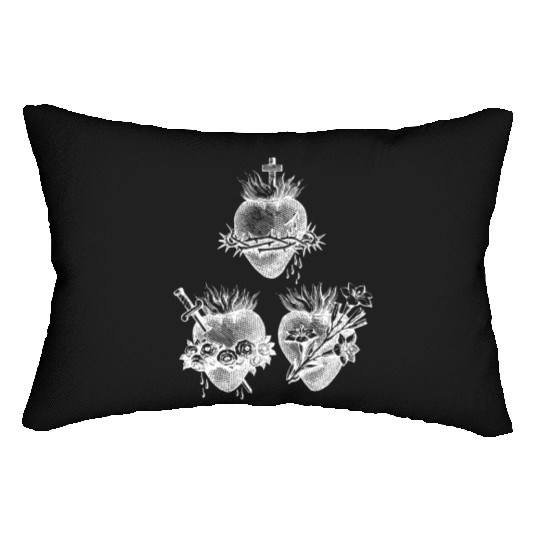 Sacred Heart of Jesus and Immaculate Heart of Mary Lumbar Pillows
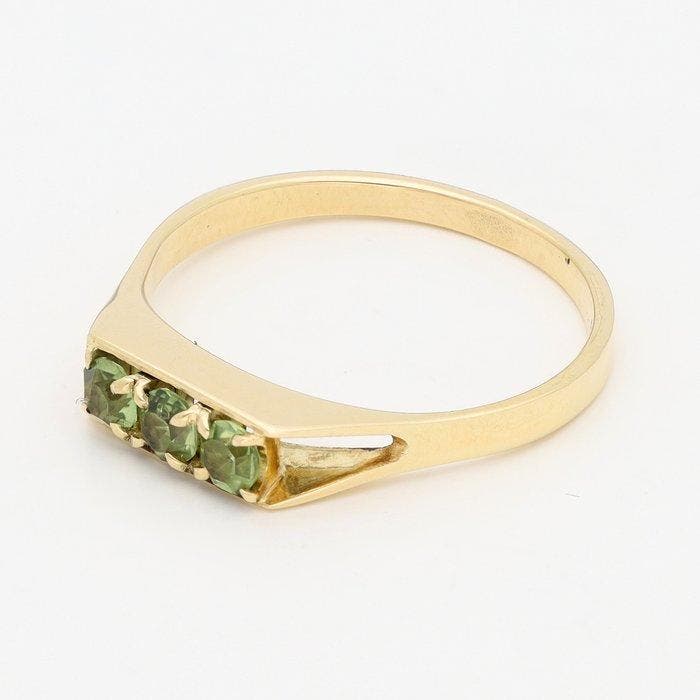 Bague - 14 carats Or jaune - péridot, Bijoux, Sacs & Beauté, Bagues
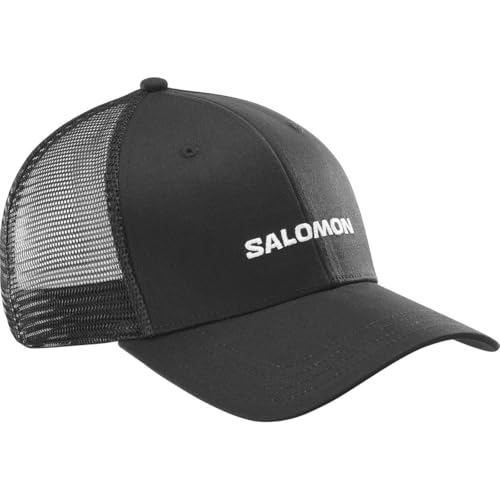 Salomon Logo Trucker Cap - Graphismes, vêtements Polyvalents, Confort Respirant, Maille de Coton Douce, Protection Solaire personnalisée, Style de Tous Les Jours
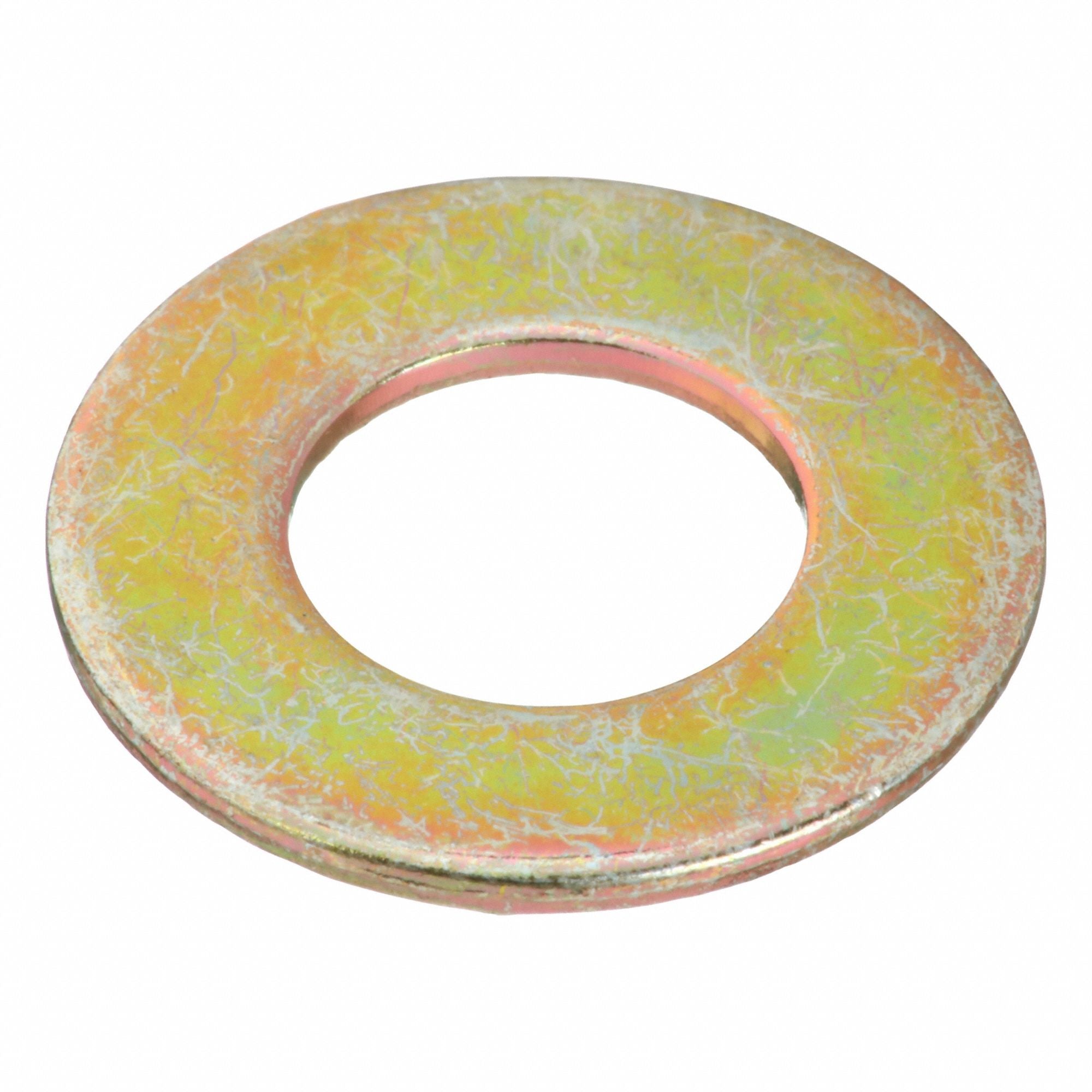 GRAINGER U382060370001 SAE Washer ZncY Stl 3/8 13/16x0.065in 100PK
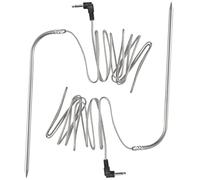 Kueohse Sonda de carne de alta temperatura para barbacoas de pellets y fumadores de pellets compatible con, 2 piezas impermeable barbacoa sonda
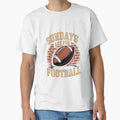 Sundays Are Football Gridiron T-Shirt - Unique Graphic Men Women - T-Shirt, Sweatshirt, Hoodie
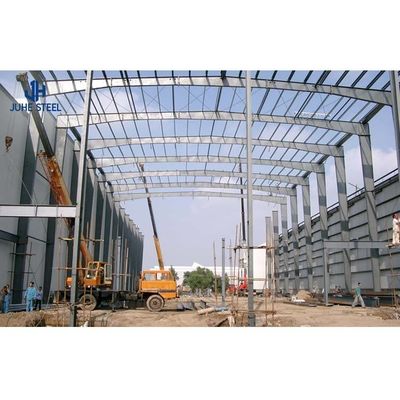 Легкая сталь Q355 Q235 Рама Префабрикована Стальная конструкция Хангар для склада Мастерская Дом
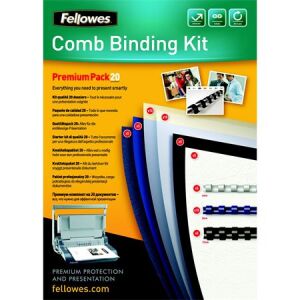 Kezdőcsomag műanyag spirálozáshoz, prémium, 20 dokumentum bekötéséhez, FELLOWES 136014903 - Fellowes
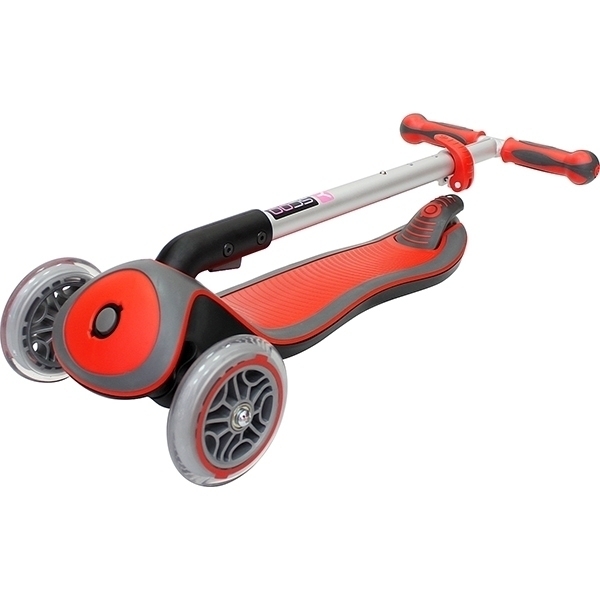 Трехколесный самокат Globber Elite F My Free Fold Up 448 со светящейся платформой фото 11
* * * * *
> About this task
Copy word for word every line from the start of the material through the line holding "Sundays Are Football". The pictures are not part of the copy.

> Finished task
 Sacred Heart of Jesus and Immaculate Heart of Mary Lumbar Pillows
 Bague - 14 carats Or jaune - péridot, Bijoux, Sacs & Beauté, Bagues
 Salomon Logo Trucker Cap - Graphismes, vêtements Polyvalents, Confort Respirant, Maille de Coton Douce, Protection Solaire personnalisée, Style de Tous Les Jours
 GRAINGER U382060370001 SAE Washer ZncY Stl 3/8 13/16x0.065in 100PK
 Kueohse Sonda de carne de alta temperatura para barbacoas de pellets y fumadores de pellets compatible con, 2 piezas impermeable barbacoa sonda
 Sundays Are Football Gridiron T-Shirt - Unique Graphic Men Women - T-Shirt, Sweatshirt, Hoodie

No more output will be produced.